═══ Data shown ═══

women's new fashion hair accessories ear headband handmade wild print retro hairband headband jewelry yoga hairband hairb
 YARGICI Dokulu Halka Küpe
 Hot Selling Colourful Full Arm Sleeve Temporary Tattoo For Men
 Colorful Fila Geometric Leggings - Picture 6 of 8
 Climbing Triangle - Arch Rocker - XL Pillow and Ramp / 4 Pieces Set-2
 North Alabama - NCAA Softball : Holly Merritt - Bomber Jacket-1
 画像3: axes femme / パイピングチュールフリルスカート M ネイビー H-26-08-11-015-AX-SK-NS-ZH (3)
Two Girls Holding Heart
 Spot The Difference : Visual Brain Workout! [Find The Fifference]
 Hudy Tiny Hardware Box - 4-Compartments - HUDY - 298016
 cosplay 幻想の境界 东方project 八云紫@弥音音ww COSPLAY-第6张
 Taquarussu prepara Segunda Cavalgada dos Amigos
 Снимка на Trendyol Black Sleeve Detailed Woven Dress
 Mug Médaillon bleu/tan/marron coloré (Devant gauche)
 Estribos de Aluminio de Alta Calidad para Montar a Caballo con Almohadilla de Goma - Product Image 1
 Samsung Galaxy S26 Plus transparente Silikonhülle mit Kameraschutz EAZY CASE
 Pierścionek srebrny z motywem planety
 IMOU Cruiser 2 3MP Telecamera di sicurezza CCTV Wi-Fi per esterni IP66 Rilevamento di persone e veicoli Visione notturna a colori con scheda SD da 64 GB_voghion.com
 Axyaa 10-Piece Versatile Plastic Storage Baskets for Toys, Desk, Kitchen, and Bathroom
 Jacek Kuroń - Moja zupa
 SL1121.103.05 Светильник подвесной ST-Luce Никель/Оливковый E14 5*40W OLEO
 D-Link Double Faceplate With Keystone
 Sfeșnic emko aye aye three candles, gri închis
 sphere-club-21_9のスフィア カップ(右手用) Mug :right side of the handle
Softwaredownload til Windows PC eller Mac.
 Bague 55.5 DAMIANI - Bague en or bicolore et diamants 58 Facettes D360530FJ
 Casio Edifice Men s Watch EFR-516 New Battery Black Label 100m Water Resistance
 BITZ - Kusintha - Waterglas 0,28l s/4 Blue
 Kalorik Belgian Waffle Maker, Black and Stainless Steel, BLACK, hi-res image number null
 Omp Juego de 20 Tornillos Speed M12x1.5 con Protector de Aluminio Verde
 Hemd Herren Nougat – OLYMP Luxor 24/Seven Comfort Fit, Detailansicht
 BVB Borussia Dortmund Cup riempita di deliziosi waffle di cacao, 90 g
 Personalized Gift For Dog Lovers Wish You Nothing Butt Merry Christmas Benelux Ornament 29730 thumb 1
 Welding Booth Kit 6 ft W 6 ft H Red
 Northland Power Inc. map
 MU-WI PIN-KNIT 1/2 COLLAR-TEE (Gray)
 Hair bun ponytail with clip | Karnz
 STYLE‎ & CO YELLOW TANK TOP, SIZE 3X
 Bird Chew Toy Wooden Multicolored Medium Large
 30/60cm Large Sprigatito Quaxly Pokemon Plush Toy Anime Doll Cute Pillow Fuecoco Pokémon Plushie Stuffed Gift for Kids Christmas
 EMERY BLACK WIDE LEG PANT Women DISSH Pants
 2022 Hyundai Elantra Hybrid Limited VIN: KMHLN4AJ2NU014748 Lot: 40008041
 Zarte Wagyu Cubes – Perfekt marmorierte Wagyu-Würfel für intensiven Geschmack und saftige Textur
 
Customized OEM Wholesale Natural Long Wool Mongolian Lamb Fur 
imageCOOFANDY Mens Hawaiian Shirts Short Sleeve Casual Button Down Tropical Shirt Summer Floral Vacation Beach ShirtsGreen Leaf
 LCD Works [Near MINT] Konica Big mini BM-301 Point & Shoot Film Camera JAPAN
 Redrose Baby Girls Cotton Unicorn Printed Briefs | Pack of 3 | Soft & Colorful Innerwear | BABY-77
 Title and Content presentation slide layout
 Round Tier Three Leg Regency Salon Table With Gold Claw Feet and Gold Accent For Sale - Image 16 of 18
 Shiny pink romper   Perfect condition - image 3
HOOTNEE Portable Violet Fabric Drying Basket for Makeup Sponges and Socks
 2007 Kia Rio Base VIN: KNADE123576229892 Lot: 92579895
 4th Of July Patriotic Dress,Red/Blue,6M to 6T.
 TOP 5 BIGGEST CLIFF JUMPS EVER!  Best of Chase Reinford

═══

Could you output, exactly and with nothing else, the lines from the start of the records through the line containing "SL1121.103.05 Светильник подвесной"?

* **Answer box**
women's new fashion hair accessories ear headband handmade wild print retro hairband headband jewelry yoga hairband hairb
 YARGICI Dokulu Halka Küpe
 Hot Selling Colourful Full Arm Sleeve Temporary Tattoo For Men
 Colorful Fila Geometric Leggings - Picture 6 of 8
 Climbing Triangle - Arch Rocker - XL Pillow and Ramp / 4 Pieces Set-2
 North Alabama - NCAA Softball : Holly Merritt - Bomber Jacket-1
 画像3: axes femme / パイピングチュールフリルスカート M ネイビー H-26-08-11-015-AX-SK-NS-ZH (3)
Two Girls Holding Heart
 Spot The Difference : Visual Brain Workout! [Find The Fifference]
 Hudy Tiny Hardware Box - 4-Compartments - HUDY - 298016
 cosplay 幻想の境界 东方project 八云紫@弥音音ww COSPLAY-第6张
 Taquarussu prepara Segunda Cavalgada dos Amigos
 Снимка на Trendyol Black Sleeve Detailed Woven Dress
 Mug Médaillon bleu/tan/marron coloré (Devant gauche)
 Estribos de Aluminio de Alta Calidad para Montar a Caballo con Almohadilla de Goma - Product Image 1
 Samsung Galaxy S26 Plus transparente Silikonhülle mit Kameraschutz EAZY CASE
 Pierścionek srebrny z motywem planety
 IMOU Cruiser 2 3MP Telecamera di sicurezza CCTV Wi-Fi per esterni IP66 Rilevamento di persone e veicoli Visione notturna a colori con scheda SD da 64 GB_voghion.com
 Axyaa 10-Piece Versatile Plastic Storage Baskets for Toys, Desk, Kitchen, and Bathroom
 Jacek Kuroń - Moja zupa
 SL1121.103.05 Светильник подвесной ST-Luce Никель/Оливковый E14 5*40W OLEO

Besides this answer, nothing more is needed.